Selbstbedienung & Containerlösungen. Nahversorgung als Infrastruktur
Auch vollautonome Self-Service-Lösungen wurden intensiv diskutiert – etwa in Form von SB-Containern, digital betreuten Regalsystemen oder 24/7-Mini-Märkten auf öffentlichen Plätzen, bei Feuerwehrhäusern, Bankfilialen oder Bushaltestellen.
Die Österreichische Post plant, ihr Netz an solchen SB-Stationen auf bis zu 4.000 Standorte auszubauen. Die Idee: Eine Kombination aus Paketdienst, Postservice, Bankomatfunktion – und lokalen Produkten, etwa durch Kooperationen mit Hofläden oder Bäckereien.
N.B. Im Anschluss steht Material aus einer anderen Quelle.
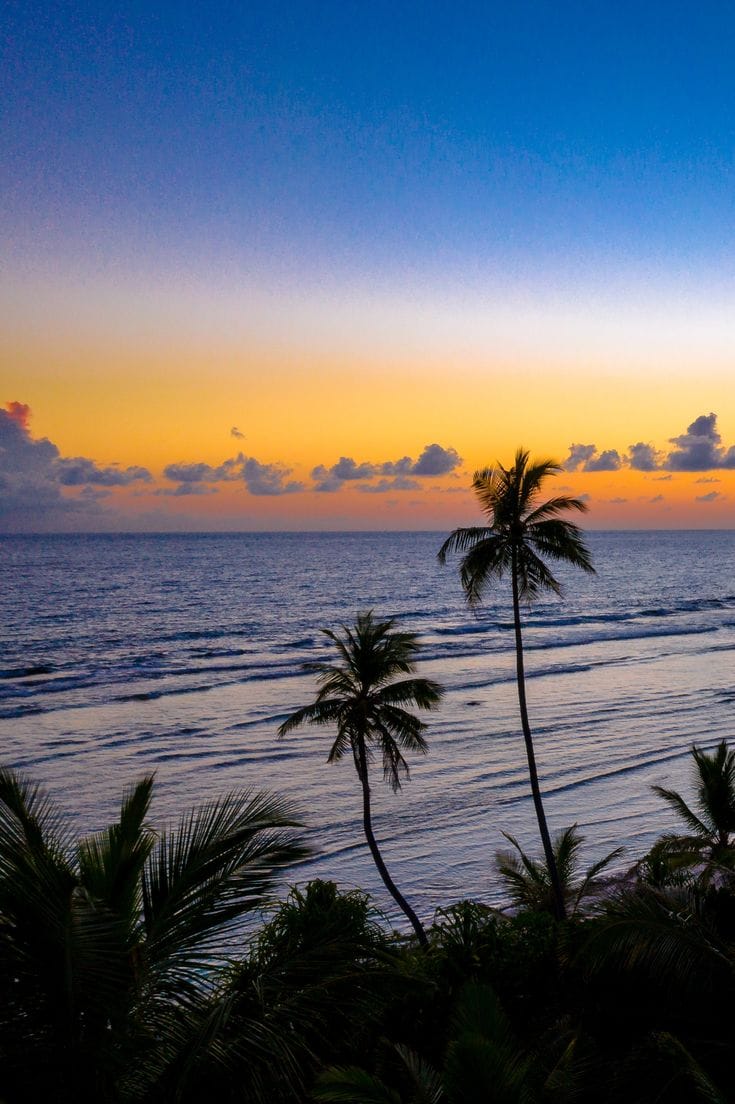 Goa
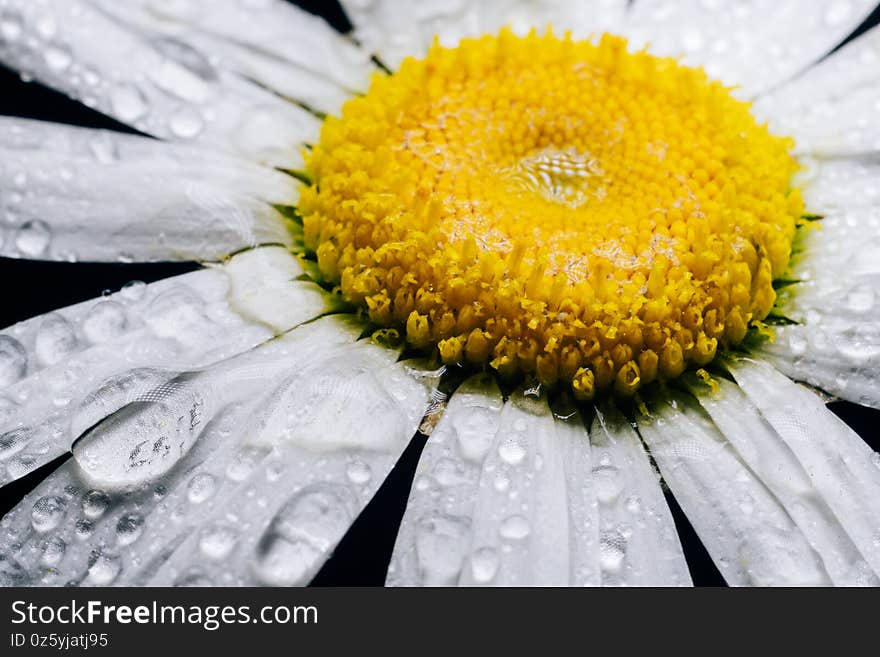 White camomile with dewdrops close-up. Macro photo of chamomile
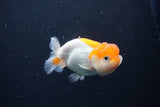 Juvenile Lionchu  Red White 3 Inch (ID#1227R11a-8) Free2Day SHIPPING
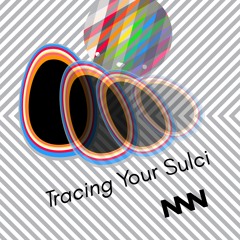 Neuro... No Neuro - Tracing Your Sulci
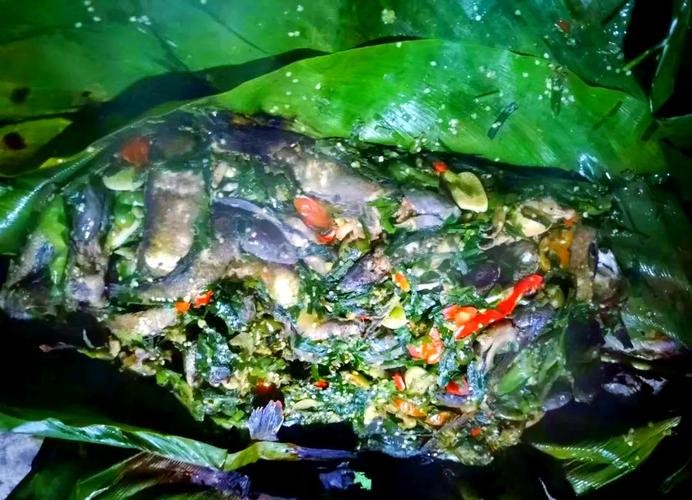 馬古龍魚是啥樣的圖片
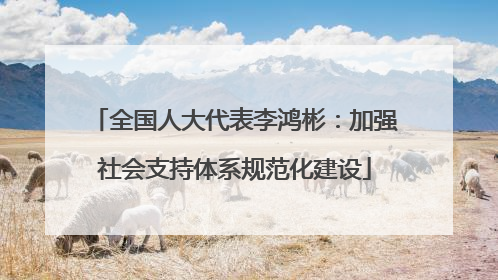 全国人大代表李鸿彬：加强社会支持体系规范化建设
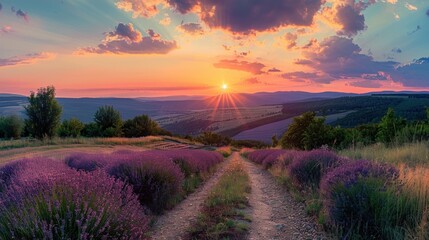 Poster - Sunset over Lavender Field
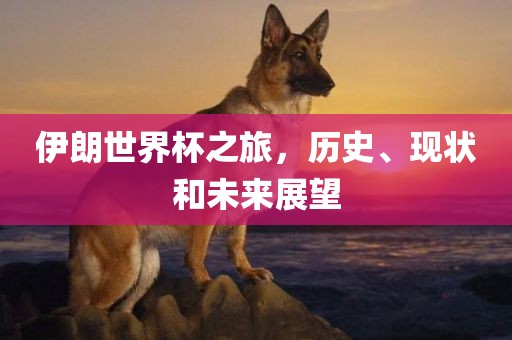 伊朗世界杯之旅，历史、现状和未来展望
Walter Oblin betonte, dass über 32 Millionen Sendungen im Jahr 2023 selbstständig aufgegeben oder abgeholt wurden – der Trend sei eindeutig, die Technologie „bereit für den Rollout“
Recht und Alltag: Wer darf wann und wie einkaufen?
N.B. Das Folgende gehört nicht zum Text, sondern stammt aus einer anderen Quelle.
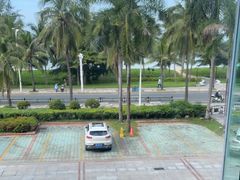 -同禧荟·港味海鲜火锅·粤菜(三亚湾店)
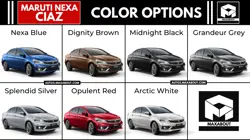 Maruti Ciaz Colour Options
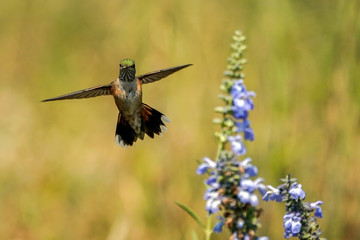On Guard Hummingbird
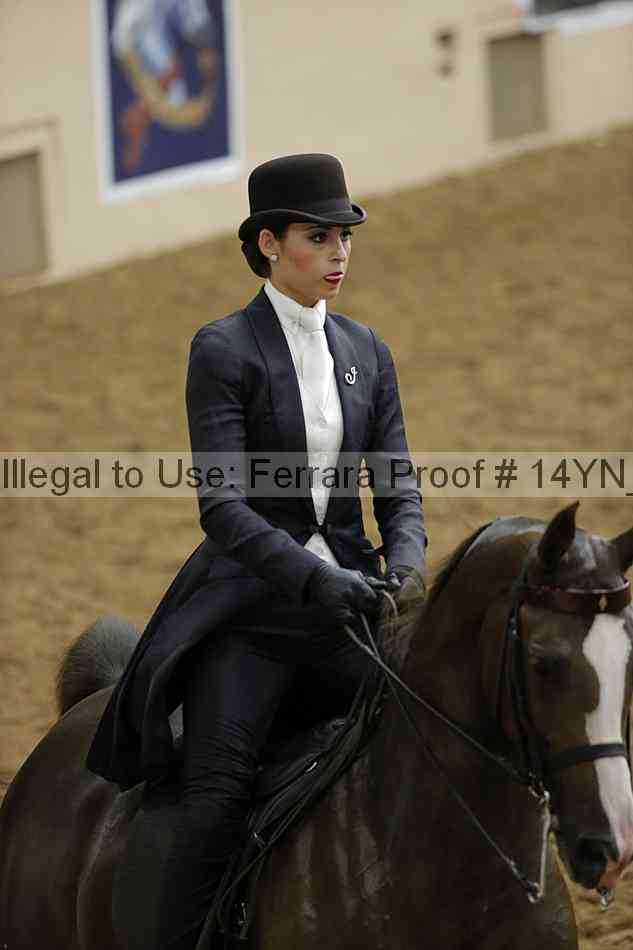 Proof 14yn_16833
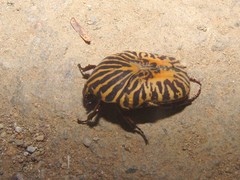 Gymnetis stellata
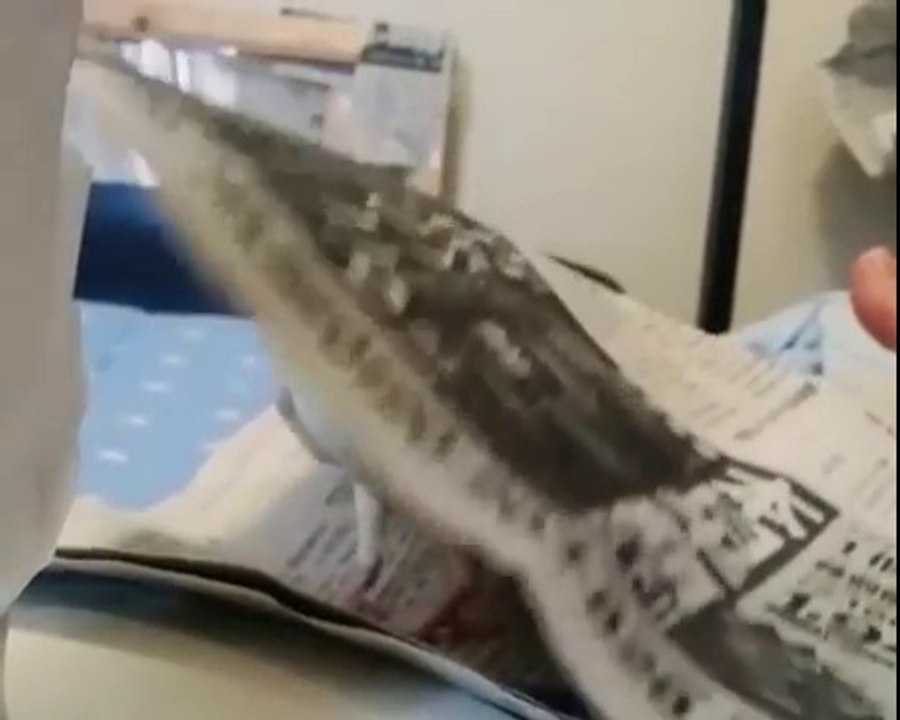 Cette petite perruche joue à cache-cache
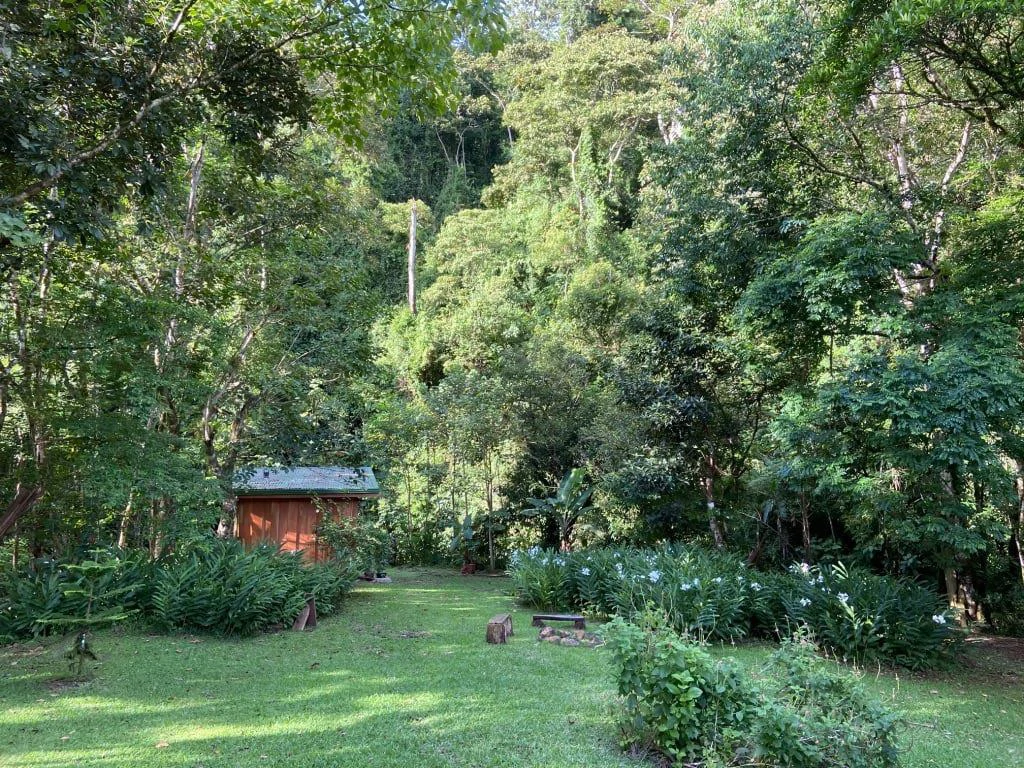 RIO SABALO: Yoga- Wellness-  and Eco Retreat Center - Gallery image 16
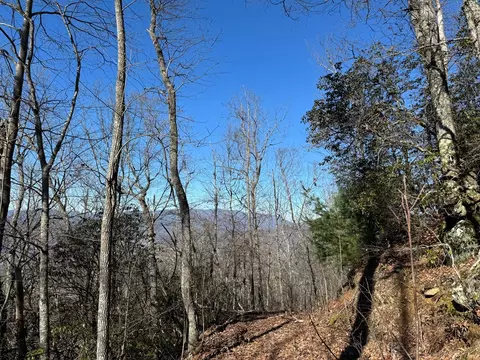 0 Tbd Cliffside Dr, Hayesville, NC 28904 photo 32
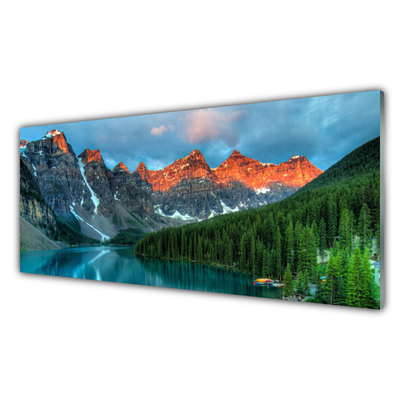 Quadro su vetro acrilico Paesaggio del lago della foresta di montagna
Mit dem Erfolg dieser Modelle stellt sich eine zentrale Frage: Was darf rechtlich als „geöffnet“ gelten – und was nicht? Denn viele hybride oder unbemannte Formate operieren in einer rechtlichen Grauzone. Laut geltendem Öffnungszeitengesetz dürfen Geschäfte sonntags und nachts nicht offen sein – unabhängig davon, ob Personal anwesend ist oder nicht. Das führt zu Situationen, in denen ein autonomer Container zwar betriebsbereit wäre, aber offiziell nicht betreten werden darf, obwohl keine klassische Öffnung im engeren Sinn vorliegt.
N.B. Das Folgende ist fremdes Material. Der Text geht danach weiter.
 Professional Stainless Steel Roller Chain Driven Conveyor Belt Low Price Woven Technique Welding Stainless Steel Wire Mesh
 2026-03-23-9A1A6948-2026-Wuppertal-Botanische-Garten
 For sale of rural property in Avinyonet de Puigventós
„Die gesetzlichen Regelungen stammen aus einer Zeit, in der man von Zutritt via QR-Code noch nichts wusste“, so ein Teilnehmer aus der Handelskammer. Das führe zu Rechtsunsicherheit – und verhindere den flächendeckenden Rollout vieler Pilotprojekte.

Akzeptanz, Chancen – und der Blick nach vorne
Was bei der Konferenz auffiel: Die Akzeptanz hybrider Modelle ist hoch, sowohl bei Konsument:innen als auch bei vielen Bürgermeister:innen. Besonders in kleinen Gemeinden, in denen die Alternative schlicht keine Nahversorgung mehr bedeutet, sind hybride Läden oft der einzige realistische Weg, um ein Mindestmaß an Grundversorgung zu sichern.
„Wir dürfen nicht die perfekte Lösung für Wien-Mitte zur Voraussetzung für ein funktionierendes Modell in der Südsteiermark machen“, so Johannes Pressl, Präsident des Gemeindebundes. Er plädierte für eine differenzierte Regulierung, die zwischen urbanem Vollsortiment und struktureller Grundversorgung unterscheidet. Auch Kombinationen mit mobilen oder temporären Lösungen – etwa Marktwagen, regionale Lieferservices oder Dorfvereine mit Selbstbedienungsabteilungen – wurden diskutiert.
„Gekommen, um zu bleiben. Hybride Märkte und digitale Nahversorgungsformate sind kein technologisches Gimmick, sondern zunehmend eine soziale Infrastrukturmaßnahme, mit der Gemeinden und Händler auf demografische und wirtschaftliche Realitäten reagieren. Sie sind jedoch nur dann tragfähig, wenn auch die rechtlichen Rahmenbedingungen, Förderprogramme und die digitale Infrastruktur mitziehen.